(PM) — The Satanic Temple is working for LGBTQ+ rights.
At least that’s what a new documentary about the Satanic Temple desires to explain.
Hail Satan? is a new documentary directed by US film-maker Penny Lane that documents the Satanic Temple and co-founder Lucien Greaves to describe their beliefs and practices. What the film attains: the group is more focused on advancing social justice and human rights than worshiping the devil himself.
The Temple was established in 2013 and is separate from the Church of Satan, which was established in 1966 by Anton Lavey in San Francisco, California.
The Temple’s purpose is “to encourage benevolence and empathy among all people, reject tyrannical authority, advocate practical common sense and justice, and be directed by the human conscience to undertake noble pursuits guided by the individual will.” It follows seven tenets which concentrate on empathy, compassion, justice, and bodily autonomy.
“I had heard about the Satanic Temple when they were doing their campaign in Oklahoma,” Lane said, according to BBC News. “I thought it was a very funny joke from afar, that they were sort of pretending to be Satanists, but I discovered they had at that point 50,000 members.”
According to Greaves, the Temple is primarily made up of LGBTQ+ people who feel abandoned and disenfranchised from the established religious institution, saying “we will always fight them, we will fight them to the death to ensure that there are equal rights for the gay community.”
“From the start, when one of our early actions was the Pink Mass, a lot of LGBTQ people were looking for another community that didn’t see them as defined by their sexual orientation,” Greaves states. “Within the Satanic Temple, we’re all pretty much one and the same. We’re all Satanists and it’s not like we have ‘tolerance’ for trans people or gay people or sex workers, we just don’t fucking care, and a lot of people in those communities appreciate that.”
According to Greaves, the Temple is also affiliated with Pride demonstrations around the country and vows to preserve and work for the LGBTQ+ community and their rights. The co-founder also states that he continually experiences death threats from white and Christian supremacy organizations like the Ku Klux Klan.

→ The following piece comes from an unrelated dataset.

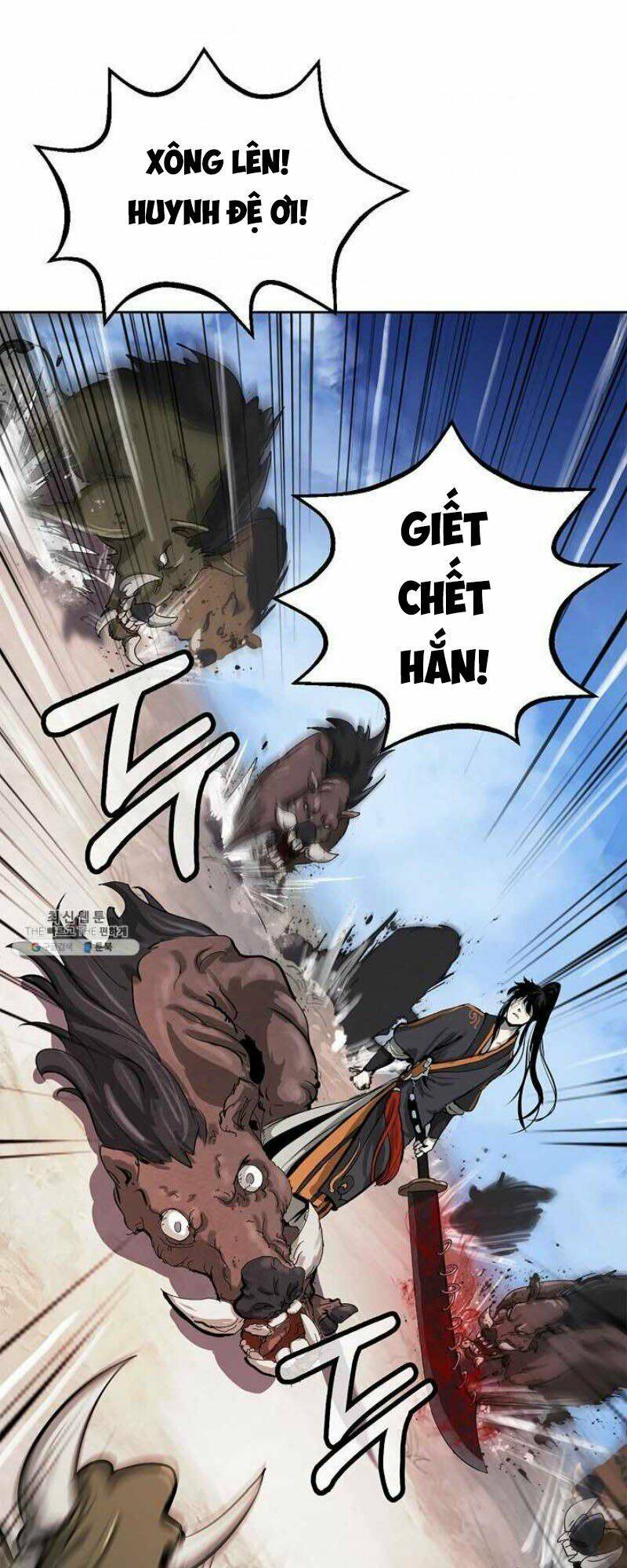 xuyên không thành hổ chapter 15 21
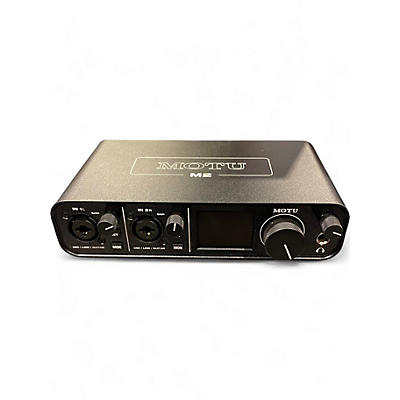 Used MOTU M2 Audio Interface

“One problem is that a lot of the threats come through Facebook and Facebook has their own policies on regulating death threats they have never found a death threat made against the Satanic Temple to be outside their terms of service,” Greaves explains. “There’s always that question whether or not it’s a credible threat. And you just never know until somebody does something radically stupid. But that’s just part of the day to day.”
Hail Satan? is accessible to stream on demand immediately.